Evet. Yine de sen bilirsin. Etkine güveniyorsan, müşterini değiştirme ve kendi bildiklerine adapte etme gücünün yüksekliğine inanıyorsan, sabrın, enerjin yeterse sen istersen globali olduğu gibi yerleştirme çabanı sürdürebilirsin. Bugünlerde odak alanımda yer alan bir zararlı grubu var. Bunlar genel adıyla “kabuklubitler”dir. Ancak dikkat; tarımcı olmayan okuyucularım için bu isim yabancı olabilir. Bunlar hani o sizin bildiğiniz bitlerden değil; hele hele ormandaki yangında alfabetik sırayla kaçışa uyumu gözleyen aslanı bile şaşırtan özel bitlerden hiç değildirler. Kimi zaman kabuklubitlere, “koşnil” de deriz biz (Zeytinde karakoşnil; şeftali de dutkoşnili gibi). Sanırım Fransızcadan gelmiştir tıpkı “yaprakbitleri“ne bazen aman baskıda “p” harfi kaybolur falan korkusuyla “psöron” dediğimiz gibi. Geçen hafta Mersin’de genç ve heyecanlı meslektaşım Bahar hanım, bilgi ve deneyimlerini benimle paylaşırken Turunçgil Kırmızı Kabuklubitine “ksanfaris” demesi çok hoşuma gitti.
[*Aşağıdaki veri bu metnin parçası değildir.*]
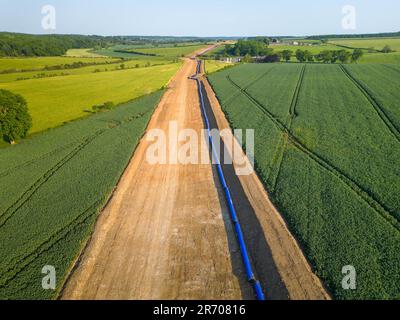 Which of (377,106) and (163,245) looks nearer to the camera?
(163,245)

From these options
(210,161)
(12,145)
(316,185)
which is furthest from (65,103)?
(316,185)

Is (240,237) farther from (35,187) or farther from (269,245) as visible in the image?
(35,187)

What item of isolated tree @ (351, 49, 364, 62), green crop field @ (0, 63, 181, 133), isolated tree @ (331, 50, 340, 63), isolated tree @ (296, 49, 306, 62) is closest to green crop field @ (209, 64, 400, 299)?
green crop field @ (0, 63, 181, 133)

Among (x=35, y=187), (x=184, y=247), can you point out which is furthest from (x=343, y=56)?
(x=184, y=247)

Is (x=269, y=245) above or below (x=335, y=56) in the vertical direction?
below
Çiftçinin söylediği yerel isimmiş. Kendisine “nasıl yazılır ?” diye sorduğumda yanıtı bir başka güzeldi “yazılmaz, söylenir”. Bravo. Onun bu kısa dersi beni aldı ve karar vericinin kabulü için çizdiği ama yazmadığı için göremediğimiz kimi sınır değerlerini bilmemiz gerektiği noktasına götürdü. O anları şimdi tekrar yaşıyorum. Güneşli Adana akşam üzerinde hava serinlemeye başlamıştı. Yorgunluklar artıyordu. Sohbet derinleşiyordu. Önemli bir başvuruda karar vericinin olumsuz kararına üzüldüm. Şaşırmadım. Sadece ustalara başvuru şeklini yakıştırmadım. Rahmetli annem derdi ki “sıçan kendi giremediği deliğe kuyruğuna kabak bağlayarak girmeye çalışırmış“. Standardı aşsan da kimi söylenmeyen üst değerlerin gerisinde yola çıkman, karar vericiye adeta şantaj gibi bir mesajı iletmek demek. Onun bir yetersizliğini, açığını vurgulamak demek. Ona bir görev yüklemek demek ve o yola çıktığında bana da bir faydası olmayacak kanıt sunmak demek. Tıpkı onyedi yıl önce bir Birlik’in yıllık ihalesinde rakibe geçen eski CINOSlunun yaptığı gibi. Hiç de şık olmamıştı. Karar vericiyle bir dost sohbetinde kırk yıllık birlikteliğe düşürülen gölgeye üzülmüştü profesör kardeşimizin eşi.

Öğrenmenin bedeli bu denli yüksek olmamalı… Rubigon’u aşıyorsan eğer, aştığının bilinciyle sonraki adımlara da hazır olmalısın … Nice öğrenme yolculuklarınızın aydınlıklarda mutluluk dolu ustaca, uzmanca kazanımlarla zenginleşmesi dileklerimle.